> [What the task asks]: Please copy the data below exactly; none of the pictures in it belong in the copy.

> [Source material]:

____

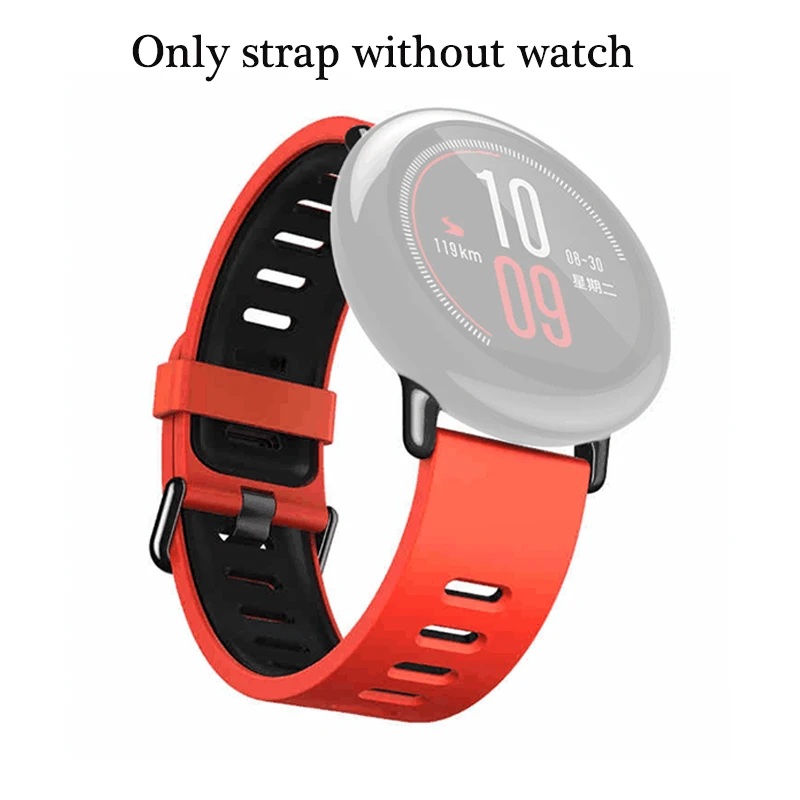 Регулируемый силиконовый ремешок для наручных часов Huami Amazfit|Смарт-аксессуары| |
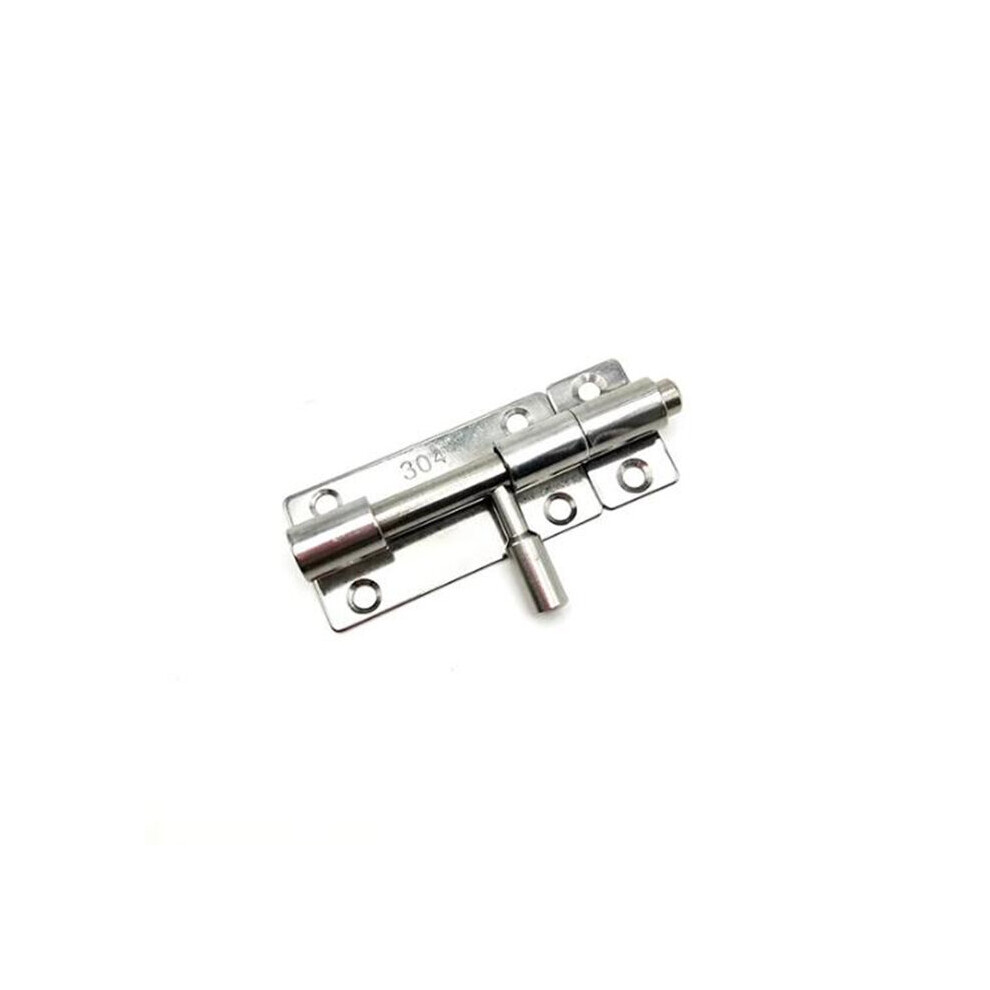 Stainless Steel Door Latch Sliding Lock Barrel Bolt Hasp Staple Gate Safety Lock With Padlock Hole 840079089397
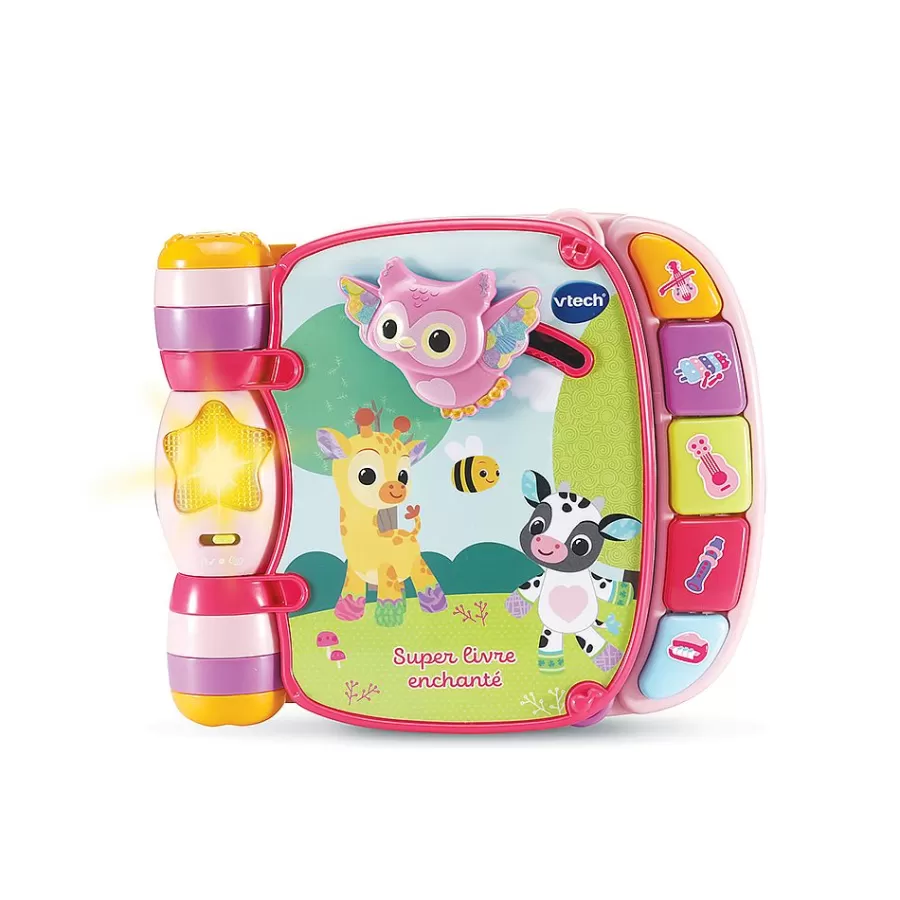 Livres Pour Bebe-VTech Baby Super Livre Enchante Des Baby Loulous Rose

____

> [Answer to this exercise]:
 Регулируемый силиконовый ремешок для наручных часов Huami Amazfit|Смарт-аксессуары| |
 Stainless Steel Door Latch Sliding Lock Barrel Bolt Hasp Staple Gate Safety Lock With Padlock Hole 840079089397
 Livres Pour Bebe-VTech Baby Super Livre Enchante Des Baby Loulous Rose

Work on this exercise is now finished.